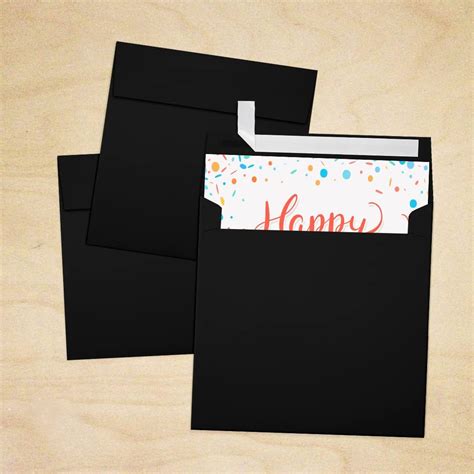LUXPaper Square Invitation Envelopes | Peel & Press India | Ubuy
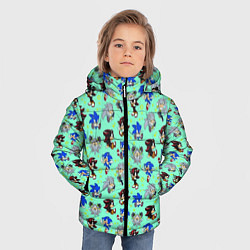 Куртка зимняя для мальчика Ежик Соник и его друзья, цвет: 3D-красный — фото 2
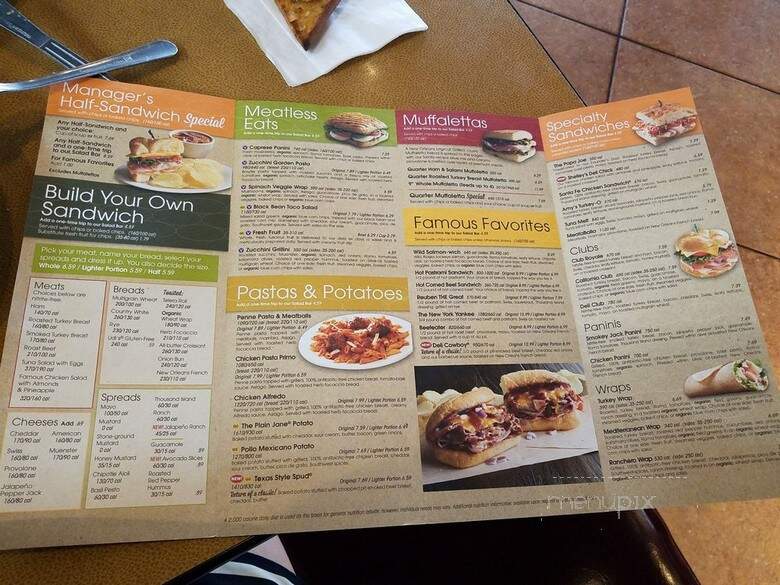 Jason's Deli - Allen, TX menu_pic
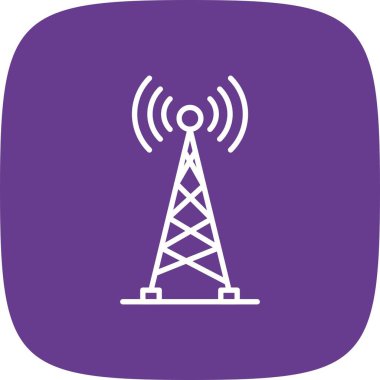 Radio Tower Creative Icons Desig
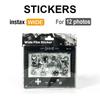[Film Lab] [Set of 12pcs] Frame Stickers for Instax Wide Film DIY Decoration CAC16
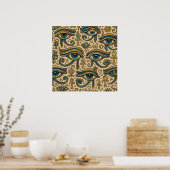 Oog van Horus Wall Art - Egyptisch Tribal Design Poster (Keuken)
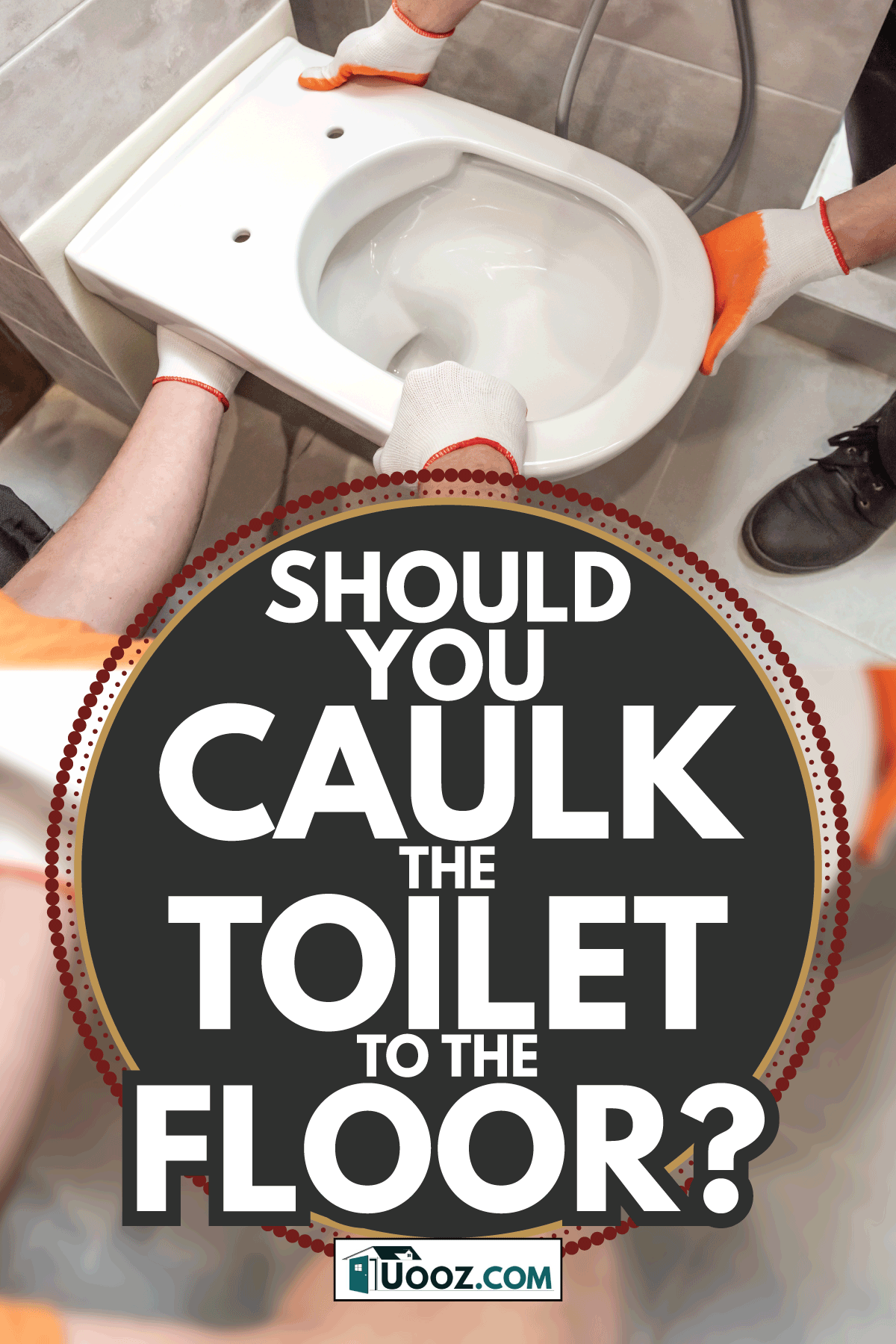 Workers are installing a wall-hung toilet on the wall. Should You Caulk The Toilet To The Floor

________________________________________

Task brief: Pictures stay out; reproduce every line of the records exactly.

Output for this task:
LUXPaper Square Invitation Envelopes | Peel & Press India | Ubuy
 Куртка зимняя для мальчика Ежик Соник и его друзья, цвет: 3D-красный — фото 2
 Jason's Deli - Allen, TX menu_pic
 Radio Tower Creative Icons Desig
[Film Lab] [Set of 12pcs] Frame Stickers for Instax Wide Film DIY Decoration CAC16
 Oog van Horus Wall Art - Egyptisch Tribal Design Poster (Keuken)
 Workers are installing a wall-hung toilet on the wall. Should You Caulk The Toilet To The Floor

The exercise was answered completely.